Data entries

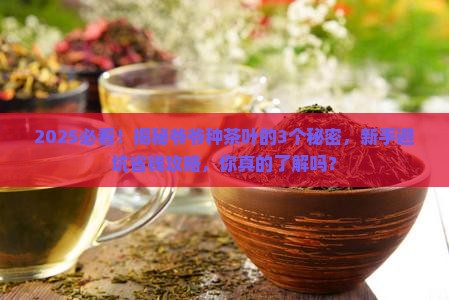 爷爷种的茶叶什么梗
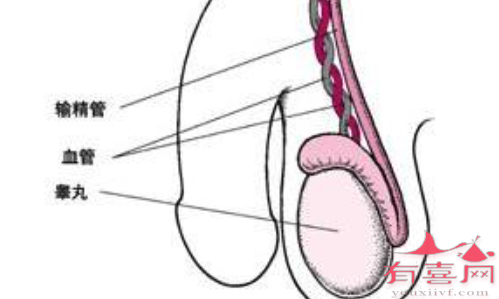 输精管堵塞的10个征兆有哪些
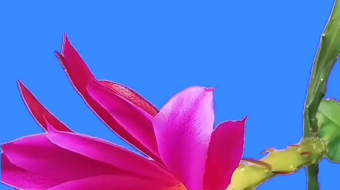 唯美花视频素材背景-众图网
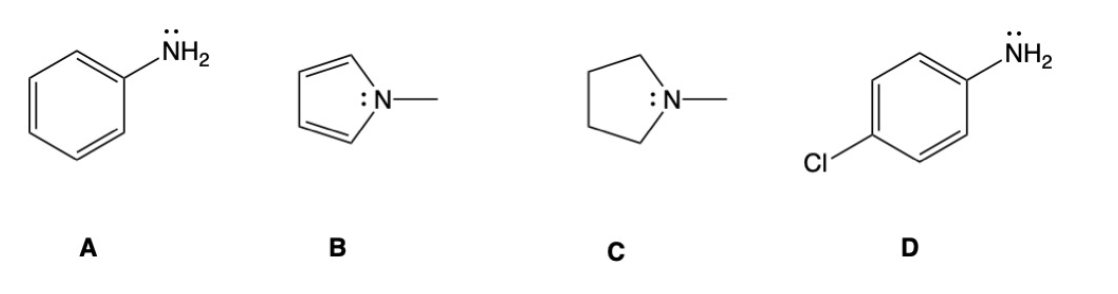 Solved Order the nitrogen compounds from the least basic to | Chegg.com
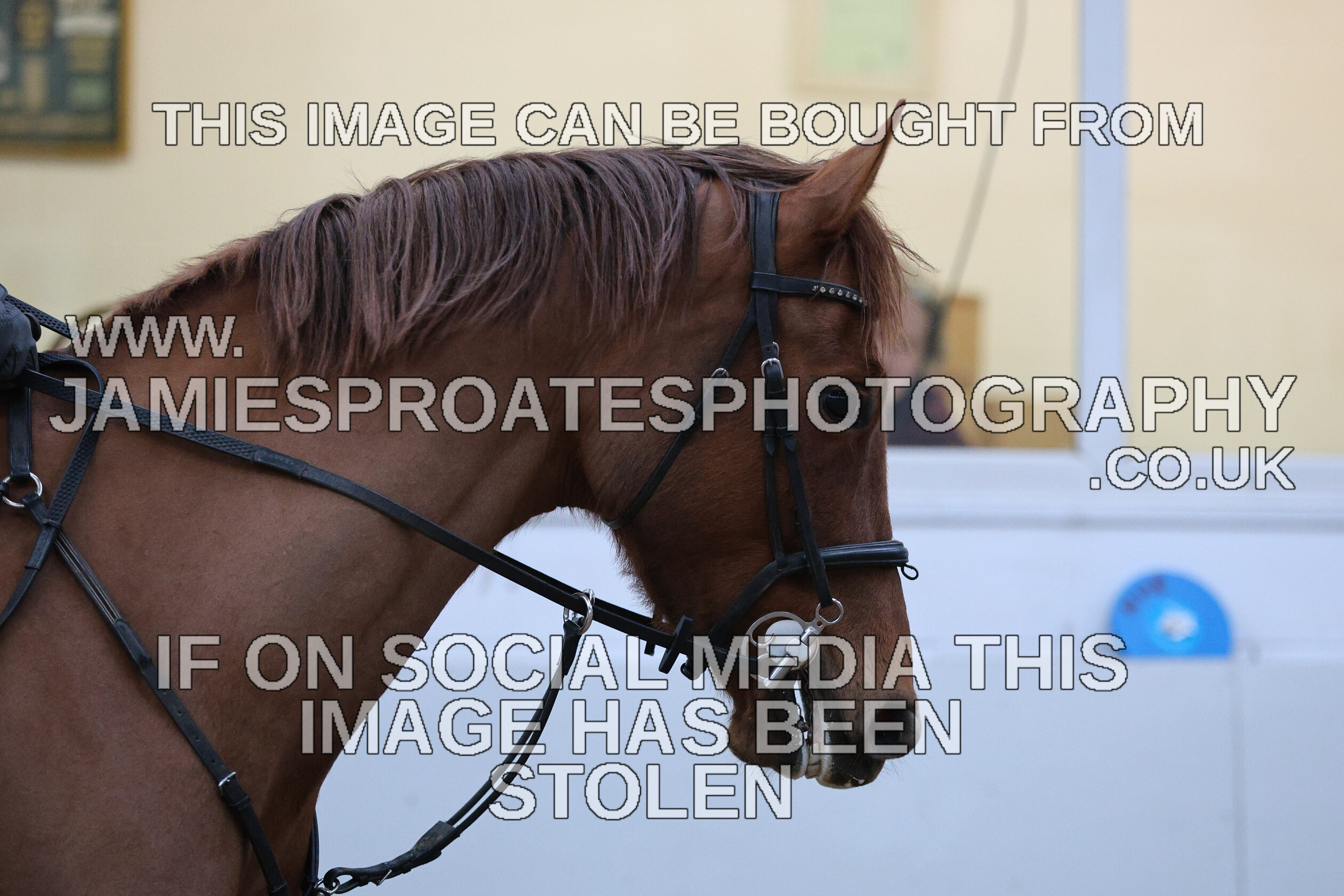 0002 6583 
 Keywords: "jamie sproates photography" showjumping" "holmside""bs"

### Directions for this task
Leave the pictures behind and transcribe every record above exactly.

### Solution to this problem
 爷爷种的茶叶什么梗
 输精管堵塞的10个征兆有哪些
 唯美花视频素材背景-众图网
 Solved Order the nitrogen compounds from the least basic to | Chegg.com
 0002 6583 
 Keywords: "jamie sproates photography" showjumping" "holmside""bs"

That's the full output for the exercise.